What is expected:
Search the data below for the string "Sleeve" and copy all lines where it shows up.

Records supplied below:

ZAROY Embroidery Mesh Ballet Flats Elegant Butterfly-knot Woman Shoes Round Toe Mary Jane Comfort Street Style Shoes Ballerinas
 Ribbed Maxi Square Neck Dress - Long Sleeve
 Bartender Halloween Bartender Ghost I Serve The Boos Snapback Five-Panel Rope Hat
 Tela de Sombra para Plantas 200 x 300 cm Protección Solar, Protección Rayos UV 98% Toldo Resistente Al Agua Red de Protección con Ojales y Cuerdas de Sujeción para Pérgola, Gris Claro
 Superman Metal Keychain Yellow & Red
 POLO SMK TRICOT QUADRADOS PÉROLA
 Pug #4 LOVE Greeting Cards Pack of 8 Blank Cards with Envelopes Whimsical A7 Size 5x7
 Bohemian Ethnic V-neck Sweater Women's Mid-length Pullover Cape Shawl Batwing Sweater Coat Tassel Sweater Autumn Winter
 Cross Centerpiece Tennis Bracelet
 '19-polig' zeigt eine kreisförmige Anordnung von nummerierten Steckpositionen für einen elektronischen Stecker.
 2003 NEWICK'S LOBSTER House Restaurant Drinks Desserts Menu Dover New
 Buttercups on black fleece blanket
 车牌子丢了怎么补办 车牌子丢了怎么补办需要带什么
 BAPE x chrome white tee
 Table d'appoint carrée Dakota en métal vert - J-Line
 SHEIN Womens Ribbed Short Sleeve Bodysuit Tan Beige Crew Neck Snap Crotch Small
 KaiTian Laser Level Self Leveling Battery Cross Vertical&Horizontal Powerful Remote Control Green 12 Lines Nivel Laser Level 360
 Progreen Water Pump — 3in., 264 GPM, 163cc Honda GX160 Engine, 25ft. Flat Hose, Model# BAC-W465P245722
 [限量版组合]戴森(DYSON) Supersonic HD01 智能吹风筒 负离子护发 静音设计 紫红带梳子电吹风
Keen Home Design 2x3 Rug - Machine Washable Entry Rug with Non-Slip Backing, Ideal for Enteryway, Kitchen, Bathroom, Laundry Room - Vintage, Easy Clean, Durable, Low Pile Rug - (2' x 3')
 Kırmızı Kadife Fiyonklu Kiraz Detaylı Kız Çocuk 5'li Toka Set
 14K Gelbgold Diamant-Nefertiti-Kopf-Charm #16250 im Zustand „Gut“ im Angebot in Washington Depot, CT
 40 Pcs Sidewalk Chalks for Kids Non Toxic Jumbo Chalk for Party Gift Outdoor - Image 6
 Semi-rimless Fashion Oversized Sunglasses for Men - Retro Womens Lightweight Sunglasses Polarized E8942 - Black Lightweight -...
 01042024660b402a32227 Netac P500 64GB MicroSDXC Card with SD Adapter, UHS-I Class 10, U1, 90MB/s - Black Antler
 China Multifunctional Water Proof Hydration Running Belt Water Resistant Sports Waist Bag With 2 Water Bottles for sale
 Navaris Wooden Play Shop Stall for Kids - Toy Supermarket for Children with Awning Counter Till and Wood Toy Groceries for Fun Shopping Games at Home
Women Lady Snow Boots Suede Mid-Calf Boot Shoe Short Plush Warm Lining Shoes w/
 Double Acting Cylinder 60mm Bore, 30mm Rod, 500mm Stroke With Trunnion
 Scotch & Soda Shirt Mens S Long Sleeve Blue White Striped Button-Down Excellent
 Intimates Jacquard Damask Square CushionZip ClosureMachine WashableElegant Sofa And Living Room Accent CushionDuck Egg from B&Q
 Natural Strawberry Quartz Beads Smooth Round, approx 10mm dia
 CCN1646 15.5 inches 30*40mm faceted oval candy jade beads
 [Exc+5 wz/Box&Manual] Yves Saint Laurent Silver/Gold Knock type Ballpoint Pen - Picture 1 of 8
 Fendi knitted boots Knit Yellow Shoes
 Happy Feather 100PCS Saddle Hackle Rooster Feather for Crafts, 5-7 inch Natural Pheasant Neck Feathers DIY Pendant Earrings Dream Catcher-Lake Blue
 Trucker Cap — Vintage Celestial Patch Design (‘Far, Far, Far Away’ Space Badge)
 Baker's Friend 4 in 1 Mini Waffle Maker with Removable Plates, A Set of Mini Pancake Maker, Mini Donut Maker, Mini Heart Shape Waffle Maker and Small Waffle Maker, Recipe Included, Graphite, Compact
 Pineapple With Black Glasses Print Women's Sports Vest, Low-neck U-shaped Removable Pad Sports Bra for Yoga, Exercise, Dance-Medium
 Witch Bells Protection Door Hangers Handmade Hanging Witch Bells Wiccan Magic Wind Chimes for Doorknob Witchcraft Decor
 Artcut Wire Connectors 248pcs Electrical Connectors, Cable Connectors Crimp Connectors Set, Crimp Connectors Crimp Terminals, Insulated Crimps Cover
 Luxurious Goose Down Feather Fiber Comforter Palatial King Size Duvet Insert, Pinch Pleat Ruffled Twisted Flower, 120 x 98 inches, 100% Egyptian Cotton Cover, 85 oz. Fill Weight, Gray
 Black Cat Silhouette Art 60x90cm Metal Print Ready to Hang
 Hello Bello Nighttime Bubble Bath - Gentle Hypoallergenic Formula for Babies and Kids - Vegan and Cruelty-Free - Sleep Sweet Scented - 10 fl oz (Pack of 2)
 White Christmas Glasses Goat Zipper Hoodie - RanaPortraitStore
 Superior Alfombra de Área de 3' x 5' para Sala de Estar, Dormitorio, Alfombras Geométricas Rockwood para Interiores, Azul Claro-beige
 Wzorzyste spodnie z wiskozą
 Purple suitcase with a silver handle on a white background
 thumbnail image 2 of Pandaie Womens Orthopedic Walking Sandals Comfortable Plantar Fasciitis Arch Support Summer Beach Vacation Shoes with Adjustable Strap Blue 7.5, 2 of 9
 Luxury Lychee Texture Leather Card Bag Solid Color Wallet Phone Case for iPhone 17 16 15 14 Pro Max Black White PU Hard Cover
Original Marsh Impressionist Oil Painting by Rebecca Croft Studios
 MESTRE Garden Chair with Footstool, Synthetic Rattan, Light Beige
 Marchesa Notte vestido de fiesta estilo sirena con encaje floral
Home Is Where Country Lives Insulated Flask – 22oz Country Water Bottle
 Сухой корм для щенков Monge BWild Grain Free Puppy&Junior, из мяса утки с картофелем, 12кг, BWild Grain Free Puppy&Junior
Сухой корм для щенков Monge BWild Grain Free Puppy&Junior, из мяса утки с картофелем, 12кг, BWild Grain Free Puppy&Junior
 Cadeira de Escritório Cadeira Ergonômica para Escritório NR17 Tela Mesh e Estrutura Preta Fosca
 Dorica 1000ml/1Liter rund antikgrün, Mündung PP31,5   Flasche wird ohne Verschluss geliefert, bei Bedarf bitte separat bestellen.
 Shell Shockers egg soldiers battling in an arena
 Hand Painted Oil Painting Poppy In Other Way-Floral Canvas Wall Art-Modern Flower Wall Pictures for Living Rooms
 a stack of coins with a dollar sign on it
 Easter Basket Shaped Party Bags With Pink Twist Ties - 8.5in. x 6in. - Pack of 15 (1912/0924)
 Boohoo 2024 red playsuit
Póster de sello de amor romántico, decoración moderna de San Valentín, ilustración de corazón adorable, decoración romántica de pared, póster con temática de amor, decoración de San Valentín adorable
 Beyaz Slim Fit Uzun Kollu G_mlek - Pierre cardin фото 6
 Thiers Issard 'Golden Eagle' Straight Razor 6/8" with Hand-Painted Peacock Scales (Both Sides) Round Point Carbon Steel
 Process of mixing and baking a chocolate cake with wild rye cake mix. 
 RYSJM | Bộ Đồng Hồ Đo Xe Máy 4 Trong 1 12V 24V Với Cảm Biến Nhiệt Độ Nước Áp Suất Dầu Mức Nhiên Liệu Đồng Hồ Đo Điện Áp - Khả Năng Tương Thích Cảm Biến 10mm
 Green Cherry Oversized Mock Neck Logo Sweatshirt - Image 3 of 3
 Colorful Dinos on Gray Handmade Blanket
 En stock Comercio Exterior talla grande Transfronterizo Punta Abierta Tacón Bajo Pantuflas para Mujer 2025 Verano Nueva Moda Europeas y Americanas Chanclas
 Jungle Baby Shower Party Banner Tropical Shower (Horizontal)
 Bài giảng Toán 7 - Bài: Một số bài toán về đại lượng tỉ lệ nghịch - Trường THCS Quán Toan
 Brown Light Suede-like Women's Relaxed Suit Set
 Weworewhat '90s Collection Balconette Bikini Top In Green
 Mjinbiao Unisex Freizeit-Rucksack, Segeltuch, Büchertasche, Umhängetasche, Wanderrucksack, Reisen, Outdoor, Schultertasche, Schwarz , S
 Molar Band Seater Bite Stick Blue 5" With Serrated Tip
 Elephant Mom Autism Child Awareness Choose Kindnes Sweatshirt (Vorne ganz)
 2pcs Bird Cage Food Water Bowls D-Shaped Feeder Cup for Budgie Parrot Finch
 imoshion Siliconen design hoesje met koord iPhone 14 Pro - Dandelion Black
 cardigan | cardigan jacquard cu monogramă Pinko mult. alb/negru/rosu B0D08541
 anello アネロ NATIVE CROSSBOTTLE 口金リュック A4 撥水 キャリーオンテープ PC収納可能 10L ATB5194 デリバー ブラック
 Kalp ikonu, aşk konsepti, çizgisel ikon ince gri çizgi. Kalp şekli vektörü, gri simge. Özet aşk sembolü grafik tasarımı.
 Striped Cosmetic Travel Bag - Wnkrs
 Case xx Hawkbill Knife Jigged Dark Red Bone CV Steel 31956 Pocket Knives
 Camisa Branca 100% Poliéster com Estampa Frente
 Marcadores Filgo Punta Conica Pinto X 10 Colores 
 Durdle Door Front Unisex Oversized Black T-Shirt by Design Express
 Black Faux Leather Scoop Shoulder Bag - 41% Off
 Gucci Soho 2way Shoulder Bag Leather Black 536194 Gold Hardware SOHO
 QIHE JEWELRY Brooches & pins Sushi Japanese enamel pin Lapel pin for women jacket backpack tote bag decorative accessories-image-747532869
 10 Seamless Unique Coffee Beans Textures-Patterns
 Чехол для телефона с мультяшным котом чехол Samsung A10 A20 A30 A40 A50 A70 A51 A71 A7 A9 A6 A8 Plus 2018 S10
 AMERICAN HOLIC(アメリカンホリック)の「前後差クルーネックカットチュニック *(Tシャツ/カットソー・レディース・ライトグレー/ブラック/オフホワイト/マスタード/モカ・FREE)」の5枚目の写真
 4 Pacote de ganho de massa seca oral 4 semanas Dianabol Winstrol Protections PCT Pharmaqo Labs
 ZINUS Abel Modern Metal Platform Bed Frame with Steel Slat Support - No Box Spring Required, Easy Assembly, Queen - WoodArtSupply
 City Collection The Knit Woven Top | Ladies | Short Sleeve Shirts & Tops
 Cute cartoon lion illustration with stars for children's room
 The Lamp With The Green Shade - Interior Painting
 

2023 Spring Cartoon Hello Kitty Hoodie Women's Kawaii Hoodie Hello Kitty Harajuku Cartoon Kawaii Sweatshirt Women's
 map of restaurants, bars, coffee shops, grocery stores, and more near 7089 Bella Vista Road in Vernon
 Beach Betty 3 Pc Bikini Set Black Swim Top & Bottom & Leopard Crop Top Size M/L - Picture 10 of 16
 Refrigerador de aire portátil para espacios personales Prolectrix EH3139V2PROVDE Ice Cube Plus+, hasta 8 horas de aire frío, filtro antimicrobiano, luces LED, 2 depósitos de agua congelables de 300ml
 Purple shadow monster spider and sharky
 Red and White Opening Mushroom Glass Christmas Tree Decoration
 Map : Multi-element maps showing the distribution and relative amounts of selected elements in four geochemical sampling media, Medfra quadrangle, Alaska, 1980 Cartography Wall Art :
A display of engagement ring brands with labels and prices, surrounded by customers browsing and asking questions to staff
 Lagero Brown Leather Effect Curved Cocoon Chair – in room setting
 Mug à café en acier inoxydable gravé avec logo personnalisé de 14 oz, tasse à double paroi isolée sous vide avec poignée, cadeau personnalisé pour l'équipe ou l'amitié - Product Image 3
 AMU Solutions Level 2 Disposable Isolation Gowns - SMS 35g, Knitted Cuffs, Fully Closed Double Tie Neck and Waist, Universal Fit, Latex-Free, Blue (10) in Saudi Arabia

End of Records supplied.

Result of this task:
 Ribbed Maxi Square Neck Dress - Long Sleeve
 SHEIN Womens Ribbed Short Sleeve Bodysuit Tan Beige Crew Neck Snap Crotch Small
 Scotch & Soda Shirt Mens S Long Sleeve Blue White Striped Button-Down Excellent
 City Collection The Knit Woven Top | Ladies | Short Sleeve Shirts & Tops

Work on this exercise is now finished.